Crawled caption data:
____

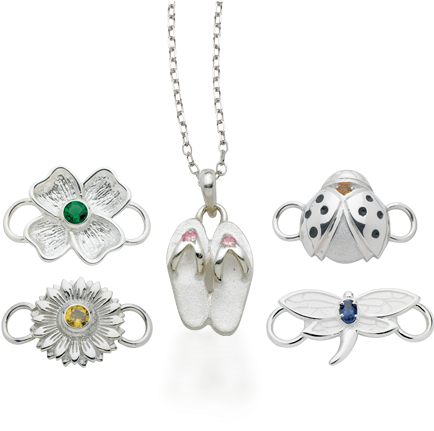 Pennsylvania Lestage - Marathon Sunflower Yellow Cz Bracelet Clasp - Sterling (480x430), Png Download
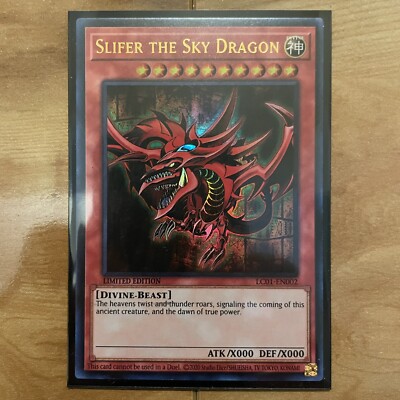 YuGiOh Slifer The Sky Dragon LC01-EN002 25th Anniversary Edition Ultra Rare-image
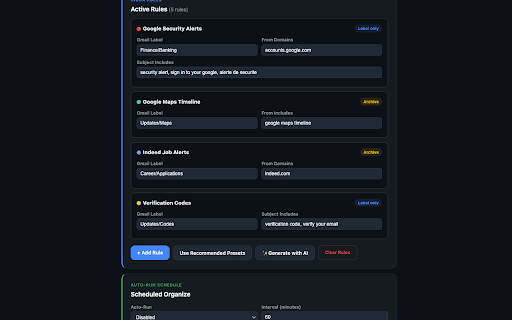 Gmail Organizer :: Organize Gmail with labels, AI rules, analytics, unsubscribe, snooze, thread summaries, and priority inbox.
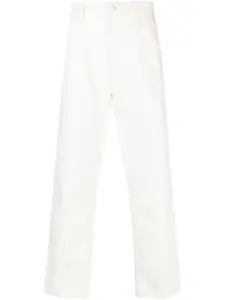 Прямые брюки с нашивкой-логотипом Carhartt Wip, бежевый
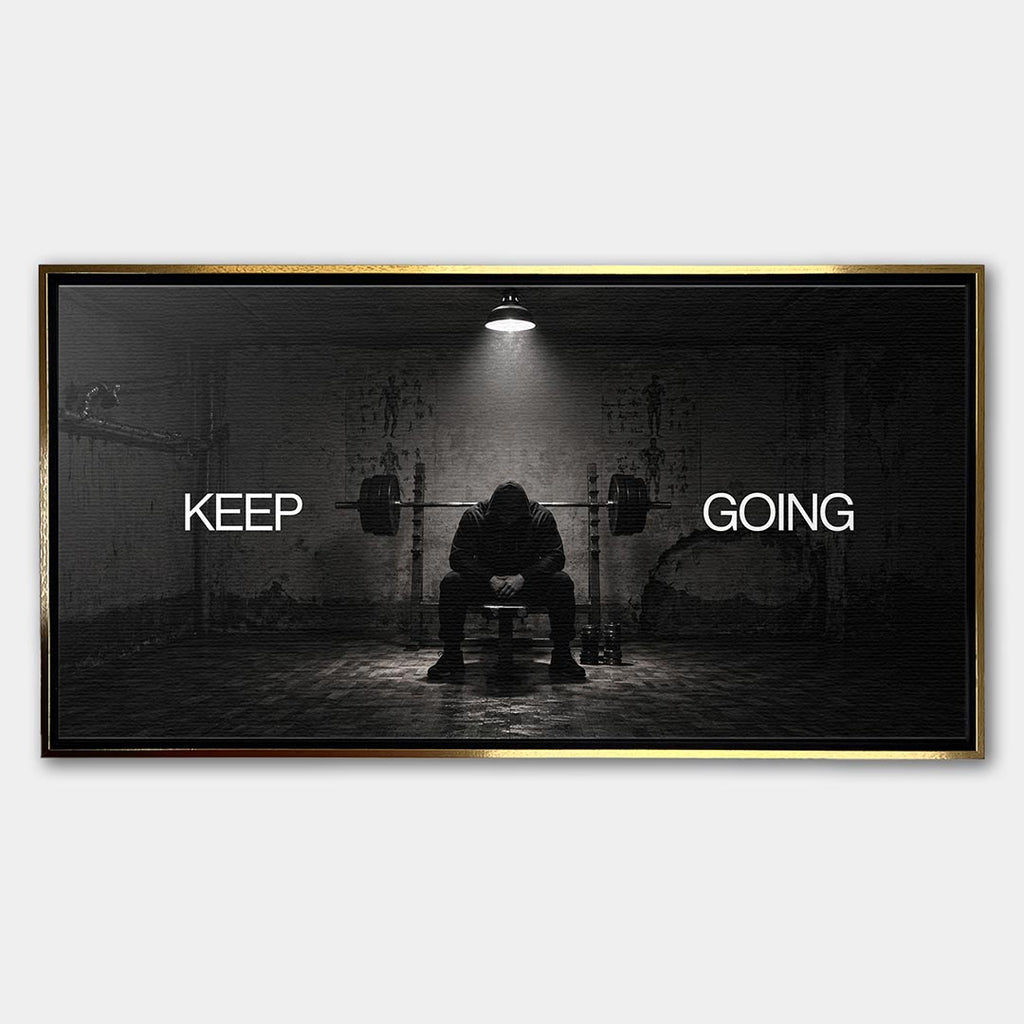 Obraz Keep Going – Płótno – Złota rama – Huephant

____

With the pictures omitted, restate every entry above word for word.

 Pennsylvania Lestage - Marathon Sunflower Yellow Cz Bracelet Clasp - Sterling (480x430), Png Download
 YuGiOh Slifer The Sky Dragon LC01-EN002 25th Anniversary Edition Ultra Rare-image
 Gmail Organizer :: Organize Gmail with labels, AI rules, analytics, unsubscribe, snooze, thread summaries, and priority inbox.
 Прямые брюки с нашивкой-логотипом Carhartt Wip, бежевый
 Obraz Keep Going – Płótno – Złota rama – Huephant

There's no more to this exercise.